## PROBLEM REQUIREMENTS
Pictures are to be left out; otherwise, copy exactly the lines from the line containing "flipkart.com mahakal Electric" through the end of the data.

## MATERIAL FOR THE TASK
>>>>>
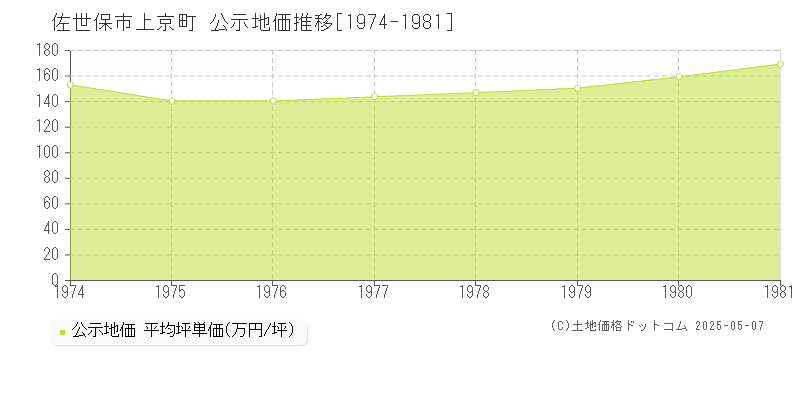 上京町(佐世保市)の公示地価推移グラフ(坪単価)[1974-1981年]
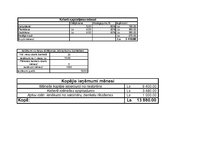 Biznesa plāns 'Restorāna un kabarē "Pie bagātās kundzes" izveides projekts', 34.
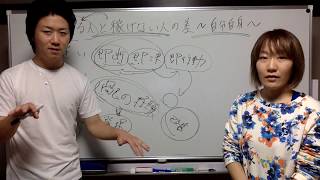 ★マインドセット★ネットビジネスで稼げない人は◯◯が遅い！！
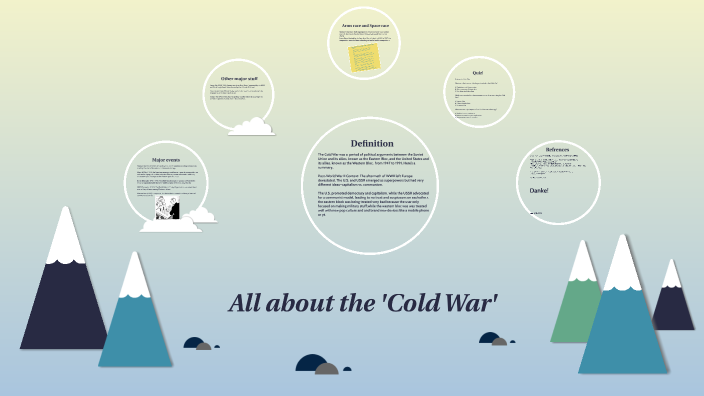 all about the cold war by S V on Prezi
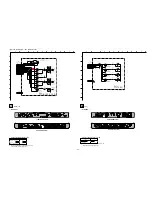 Предварительный просмотр 57 страницы Sony KDE-P42MRX1D Service Manual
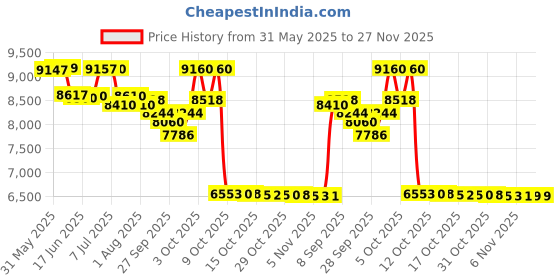 flipkart.com mahakal Electric Automatic Aarti Machine New Season Gold Rope & Rings Dholak mahakal Price History Graph from 31 May 2025 to 27 Nov 2025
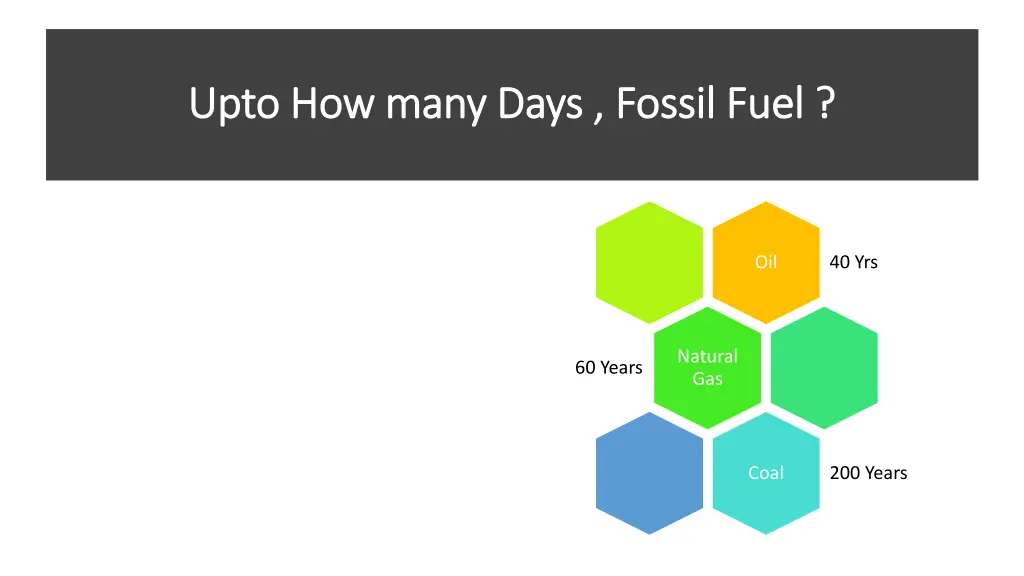 upto upto how many days fossil fuel how many days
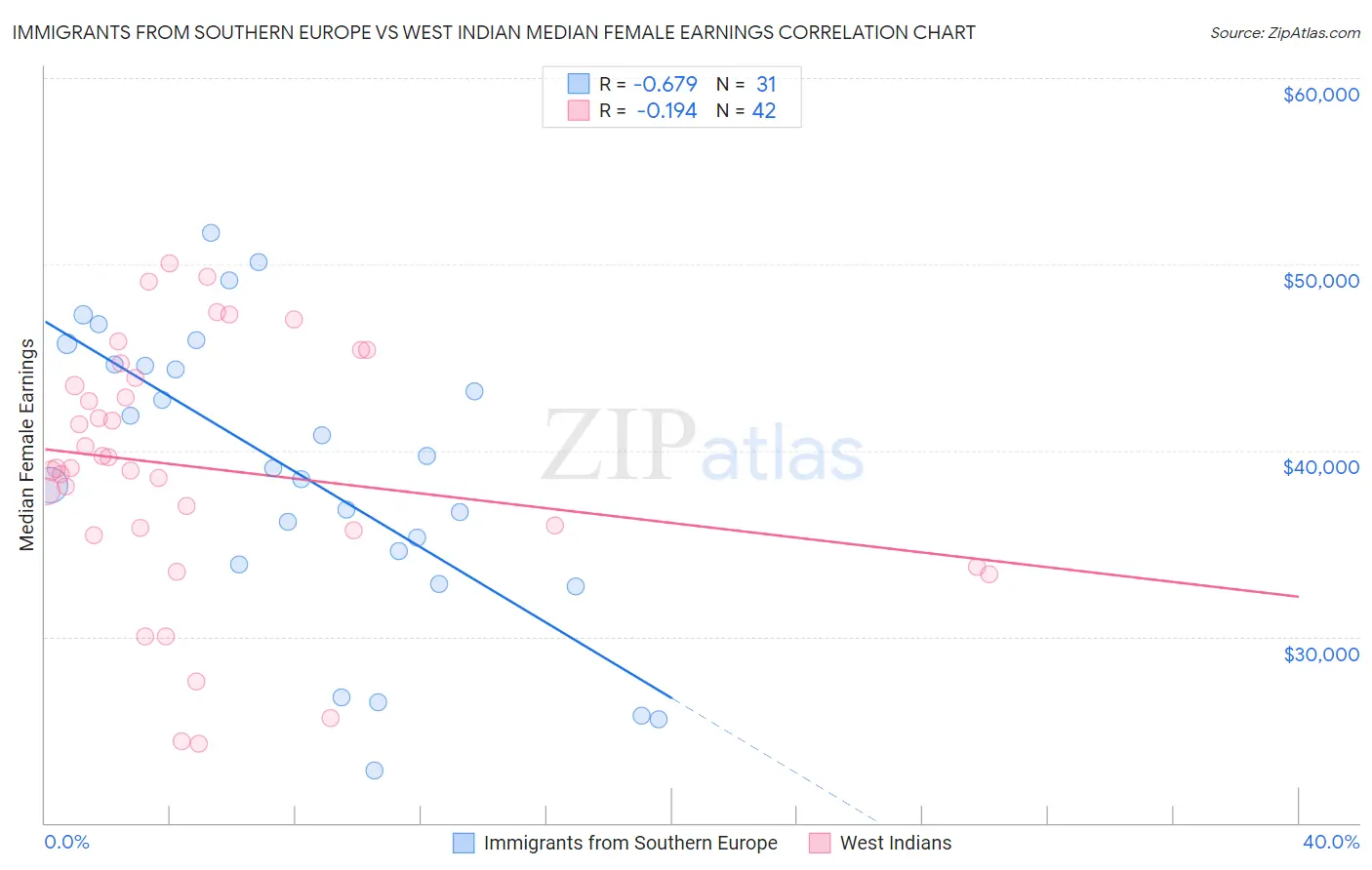 Immigrants from Southern Europe vs West Indian Median Female Earnings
<<<<<
## RESPONSE TO THIS TASK
 flipkart.com mahakal Electric Automatic Aarti Machine New Season Gold Rope & Rings Dholak mahakal Price History Graph from 31 May 2025 to 27 Nov 2025
 upto upto how many days fossil fuel how many days
 Immigrants from Southern Europe vs West Indian Median Female Earnings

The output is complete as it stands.